On February 26, I advised him to leave the country because his fate will not be different than Saleem Shahzad, Nasrullah Afridi and many other journalists. I was already in another country. Thus, I felt a bit secure; though not completely. After arguments, finally he agreed to leave his family and prepare for the unseen but imagined risks. He left the country in the pitch dark on February 27. He is in Germany now. Before reaching there, the first thing he did was burning his national identity card. It was natural because he was so mentally tortured by Pakistani intelligence agencies and the “good militants” that is beyond imagination.
Wish he was not a journalist but only a friend selling popcorns or something else. I will not have been so much worried. Although, Salman is now in a country where he is no more worried about his life, but he will never be happy because he spent several years to tell the world about what is going behind the scene in Pakistan in the war against terrorism. His writings changed nothing. His pen proved weaker than sword, as mine. Moreover, the memories will haunt him for the rest of his life. He cannot forget the faces of those children, women, men, and friends who were killed in bomb blasts by those who wanted to convince the United States and its NATO allies that their strategic assets are no more under control.
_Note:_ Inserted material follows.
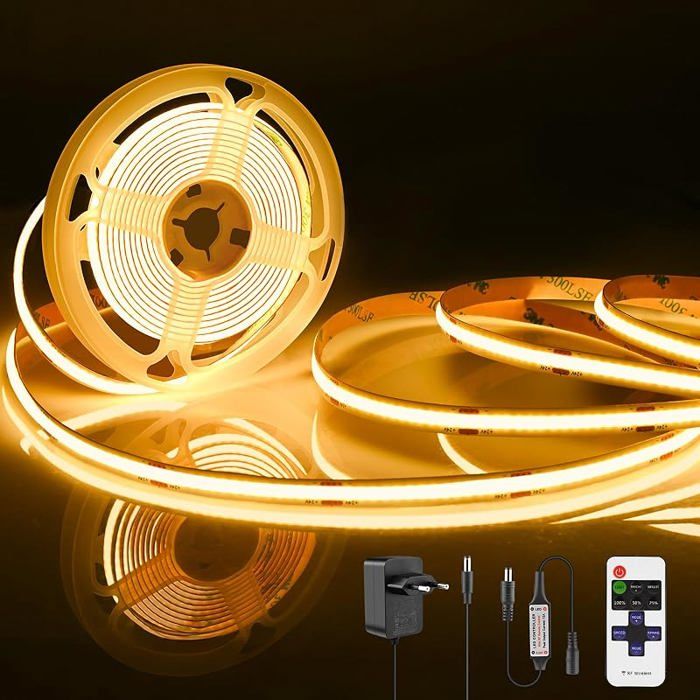 Rayures LED COB 2m bandes LED chaudes blanc 3000k bande LED Dimmable 24V CRI92 Largeur de 8mm avec télécommande et 2m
Gladly, we both know that these assets are still under Pakistan’s control. They cannot go outside of their homes if they turned against Pakistan. They are enjoying state-level protocol. Notorious militants are travelling in vehicles with black film on window panes. Most of these vehicles are without number plates.
How unfortunate it is that people who are posing threat to the region and killing innocent people are roaming the streets freely while those who show the right way are harassed, tortured, imprisoned, banished, and killed.
Sometimes, I wonder that how can one show respect to a country which is separating brothers from brothers, children from parents and all-weather friends from each other? How can a person love a country that is imposing war on innocent people and involved in genocide of its own citizens—Pashtuns and Balochs—just for power and as a strategy?
Only those who have lost siblings, parents or good friends can answer these questions. Ask a Baloch or a Pashtun suffered at the hands of Pakistani security agencies and they will tell you what pain is. People believe in what they see and experience. This is a dilemma. It is worst to live a life of a second-grade citizen with no rights and on the hit-list of the state-supported groups. It is also painful to see that human rights organizations and the United Nations are doing nothing in this regard. There is no one to turn to and seek help.
I hope that the next generation would change things by studying their real history and ancestors’ life.
The author is using a pen-name due to security reasons.